CANADA, January 15 - Students, teachers and support staff will be better supported this year with an additional $204 million in operating and special grants being distributed to public school districts from the Government of B.C.

This is on top of more than $6.3 billion being provided from preliminary estimates in March, and is the result of an increase of more than 10,500 students in B.C. public schools this past September. The increase includes:

  • an additional $69.6 million for students with special needs, an 11.1% increase;
  • an additional $7.5 million targeted for Indigenous education, an 8.2% increase; and
  • an additional $3.7 million for English and French Language Learning (ELL/FLL), a 3.6% increase.

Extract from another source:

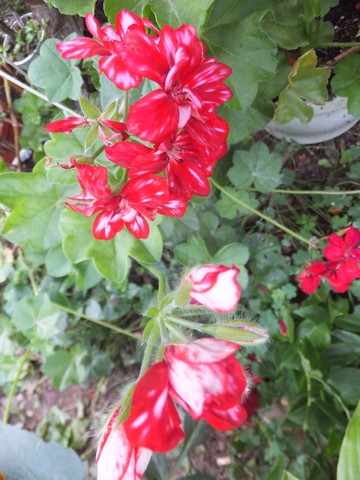 Name:  DSCF7891.jpg
Views: 316
Size:  68.1 KB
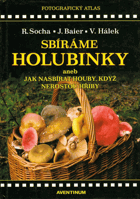 Sbíráme holubinky, aneb, Jak nasbírat houby, když nerostou hřiby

The overall number of students in B.C. increased this year to over 667,000, the highest since 2004. This includes a net increase of about 10,400 students who moved to B.C. from outside of the province. In addition, there was a net increase of nearly 1,000 students moving from independent to public education this past September.

Increased funding for schools to support enrolment growth is part of the Province’s commitment to provide the best possible educational experience for students, while providing teachers and support staff the resources they need to deliver world-class education.

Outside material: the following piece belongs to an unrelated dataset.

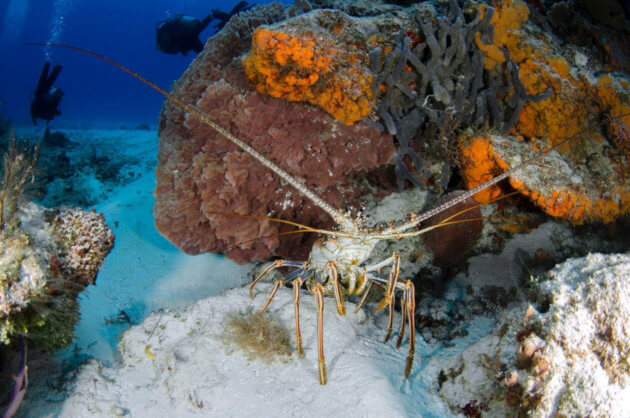 langouste colera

Budget 2021 ensures B.C.’s education system has the highest-ever school operating and capital funding to support students and invest in schools. This includes investing $21.5 billion over three years to deliver K-12 education, a $3.4-billion increase from 2016. 

This increased operating funding is providing record investments for the supplement for children and youth in care, Indigenous learners, rural schools, students with special needs and supports for students with mental-health needs.

Children and youth in care, children living in low-income families and a greater number of students with mental-health challenges are benefiting from a $24-million supplement being allocated to school districts in 2021-22.

Districts can use the supplement to provide additional supports and services to these students, including trauma counselling, tutoring, mental-health prevention strategies or hiring additional support staff.

Students at rural schools will benefit from a $331.8-million allocation this year, $9.7 million more than last year and $59.6 million more than in 2016-17.

The amount of money school districts is receiving to support Indigenous learners and students with special needs is also increasing for the 2021-22 school year. Targeted funding for Indigenous learners is $98.4 million in 2021-22, an increase of $28.8 million (41.3%) since the 2016-17 school year.

Students with special needs are being supported with $696.6 million in supplemental funding in 2021-22, an increase of $231.9 million (50%) since the 2016-17 school year.

Operating grants released in December are based on actual enrolment at Sept. 29, 2021, providing school districts with recalculated funding to support their operations for the current school year. Districts receive preliminary operating grants in March of each year based on anticipated enrolment.